Хоть и стояла немыслимая холодрыга, невозможно было не залюбоваться зимним убранством, особенно в ясный полдень, когда всеми видимыми и невидимыми  гранями переливались опушённые густым колючим инеем деревья, кусты и травы, даже крылечные столбы и перила, и те, сверкали и горели подожжённые яркими лучами, будто осыпанные бриллиантами. Говорят: на Филлиповки - иней, осенью - в закромах овёс. Дай Бог!
Любуется-то мужик, любуется на эту пронзительную красоту, а у самого душенька не на месте: ну, как хлеба без снега повымерзнут, ну, как скотина расхворается, до весны не дотянет?
Ни в одном дворе в это бесснежье  выходила, прихватив решето с перьями, после первых петухов на двор хозяйка. Подкидывая их вверх, направо и налево, шептала известное ещё её прабабке заклинание:

Летите перья, летите,
Таких же лёгких и белых приводите.
Сойдись моё слово и мой завет,
Приди на Божьи поля белый снег,
Землицу покрыть, наст обновить.
Во имя Отца, и Сына, и Святого Духа.
Ныне, присно и вовеки веков.
Аминь.               

И однажды, не придавая особого значения бабьей ворожбе, небеса всё ж-таки  снизошли до их напористых уговоров и молитв. А начилось всё с того, что ворона Акулька, чуток обхорохорившись, снова, как оглашенная, принялась орать: заскакивая на подоконник и валяя драгоценные бабулиной душе «огоньки» и «калашники», во всё своё лужёное горло закликала оттепель.
Вскорости, и впрямь наступило послабление. В полдень выйдешь за порог, а с крыши  кап да кап. Морозы скукожились, обмякли, знать, сами себя переморозили, разбежались по стогам, по копёшкам отогреваться. Дохнули юго-западные ветра да так, что отсырели небеса, поблёкли их краски. Куда-то запропастилось солнышко, и на его место, пыхтя и отдуваясь, взгромоздилась огромная серо-сизая тучища. Когда она, наконец-таки, заволокла своим пухлым брюхом все верхи, от натуги не стерпела и треснула.
Ветру, видать, только этого и было надо – умаявшись, убрался приспокойненько восвояси. Объявилась неслыханная тишь. Но ненадолго. Вдруг что-то там, на самом верхотурье, зашуршало, закопошилось, и, совершенно отвесно, словно по струнке, крупнющими ватными клочьями повалили снеги.
- Дождались! – отец, ненарадуясь  снегопаду, словно ребёнок, и обивая варежкой с ватника хлопья, переступил порог избы.
- А всё Акулинушка! Как есть птица вещая! – бабушка развязала холщовый мешочек, подманив ворону и посыпав ей лакомых конопелек, пригладила любимицу по спинке.

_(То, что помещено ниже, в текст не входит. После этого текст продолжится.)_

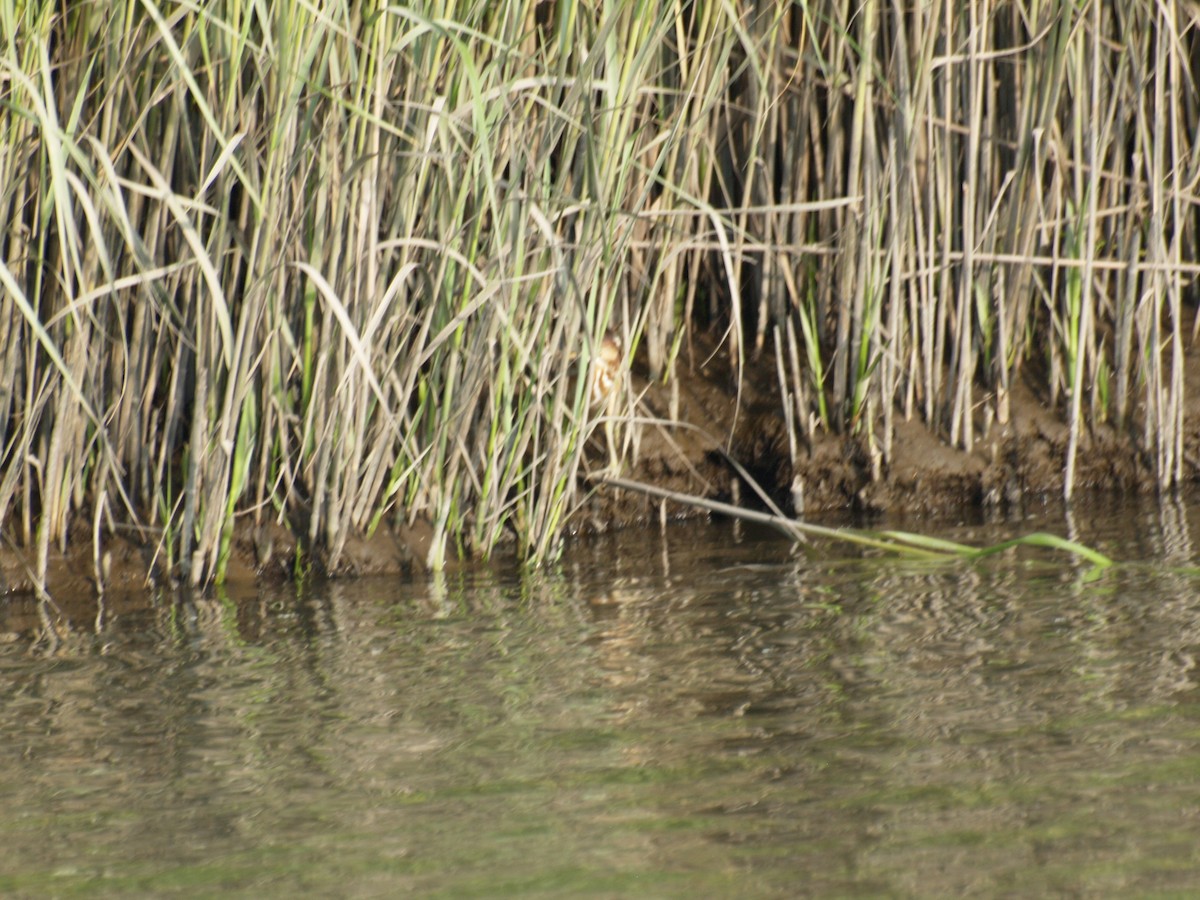 Petit Blongios - ML644335237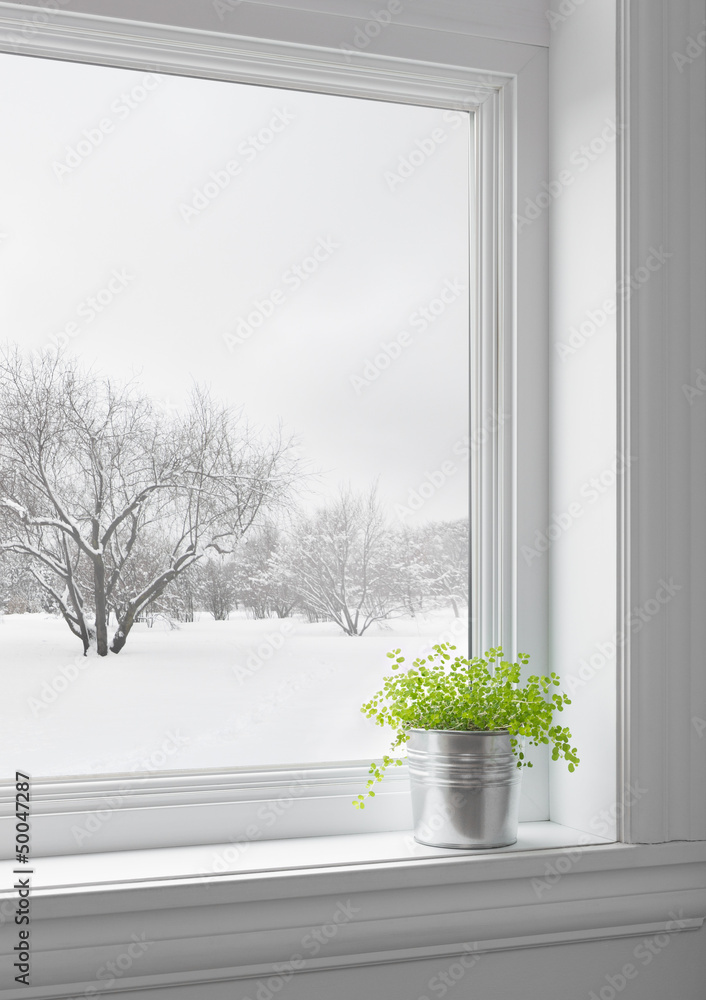 Fototapeta premium Green plant and winter landscape seen through the window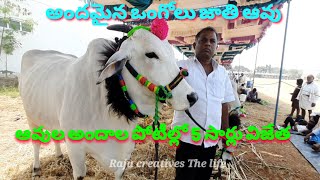 5 సార్లు అందాల పోటీల విజేత ఈ ఒంగోలు ఆవు  # ongole cow's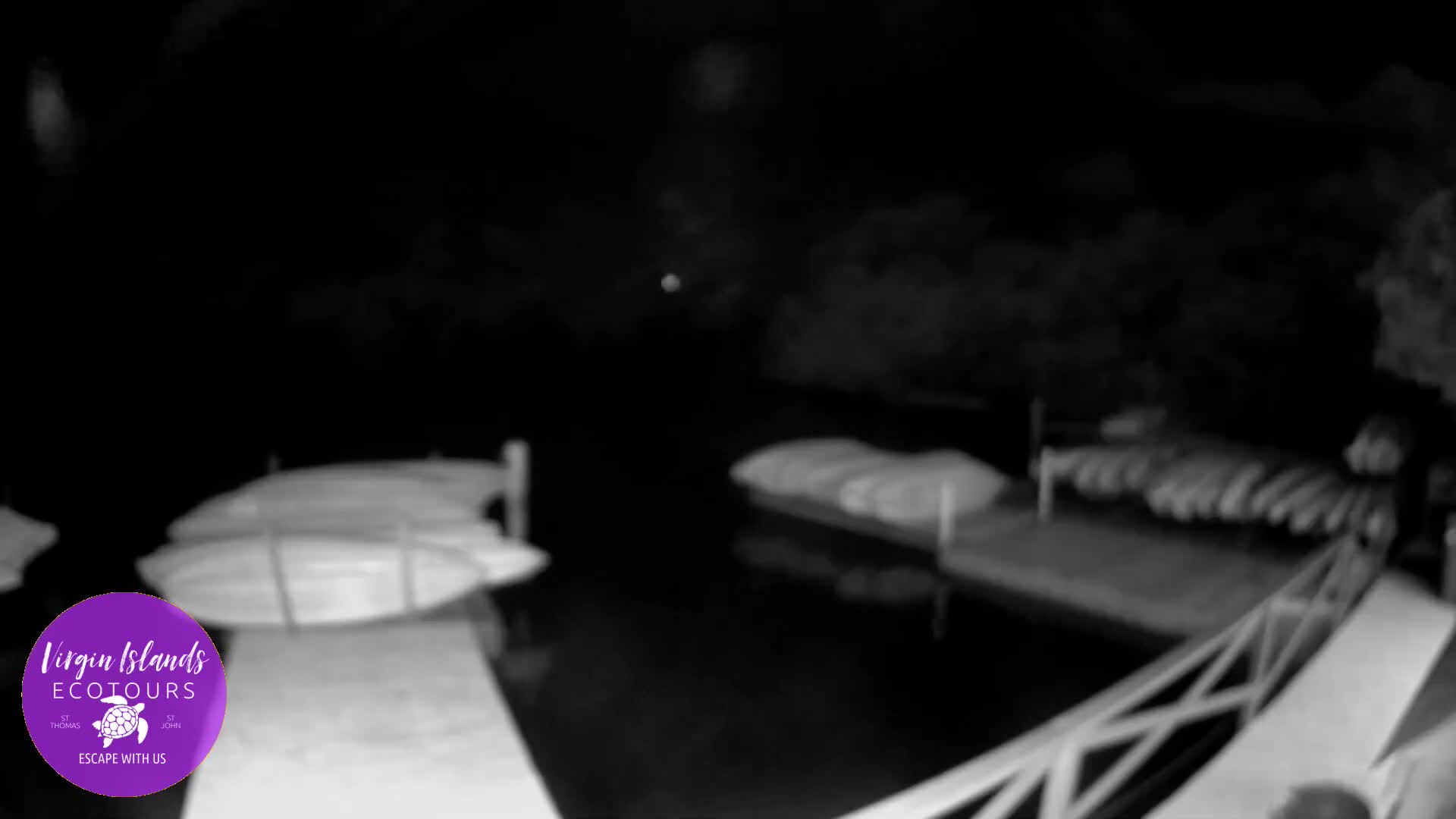 St. Thomas, Bovoni, Mangrove Lagoon Lake Live Cam - Southside, St. Thomas, United States Virgin Islands, USA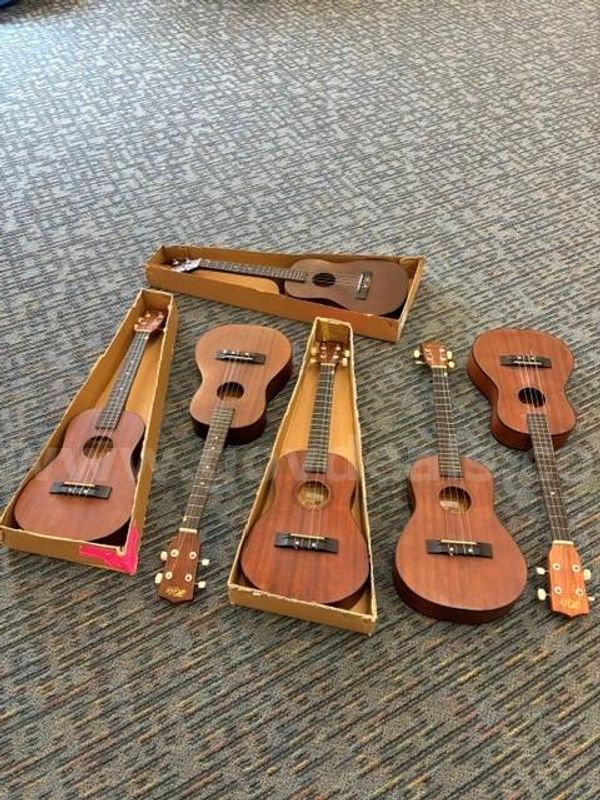 6 Hilo bass ukuleles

Снега всё усиливались и, занавесив к обеду своими кипенными тюлями всю округу, в невероятной густоте не прекращались ещё двое суток. Тихое, невесомое падение снежных хлопьев – настоящее пуховое чудо. Любовь к нему зарождается у нас ещё в раннем детстве и не отпускает потом до последних дней.
Разве можно усидеть в такую пору дома? Ноги – в валенки, на плечи - отцовский тулуп, на голову - мамину шаль! И скорее во двор, за калитку, в чистый, девственный простор. А там, в какую сторону не повернись, подними глаза вверх, посмотри под ноги - беспредельная белизна, не нарушаемое ни единым звуком безмолвие, и в нём  - живой нескончаемый поток снега.
Даже сумерки, какие-то свежие и начисто выстиранные что ли, долго оставались белесыми. Не хотелось возвращаться в жарко протопленную избу. Воротившись из-за околицы спустилась  хуторской улочкой в низину, дошла почти до Кромы. Хутор тонул в снежных хлопьях: подворья, палисады, кусты, деревья, редко встречавшиеся люди, ещё реже проезжавшие съезки.
А когда сквозь гущу снегопада едва приметно проглянули бледные огоньки избяных оконец, мир и вовсе погрузился в шевелящуюся серо-синюю мгу.
И всё равно не хотелось уходить. Поднявшись на крыльцо, я ещё долго ловила вязёнкой ниспосланные небесами дары. Тысячи изумительных по своей форме снежинок, обнявшись друг с дружкой, великолепными пухами ниспадали и ниспадали на вечерний хутор.
«Назавтра работы на подворье – не меряно: подходы  ко всем постройкам завалило. Не почистить при таком снегопаде дня два - вообще не откопаемся. Отец, как чуял, на днях новую лопату справил, завтра обновлю», - поднимаясь «на печерские горы», определила я себе заботу на утро.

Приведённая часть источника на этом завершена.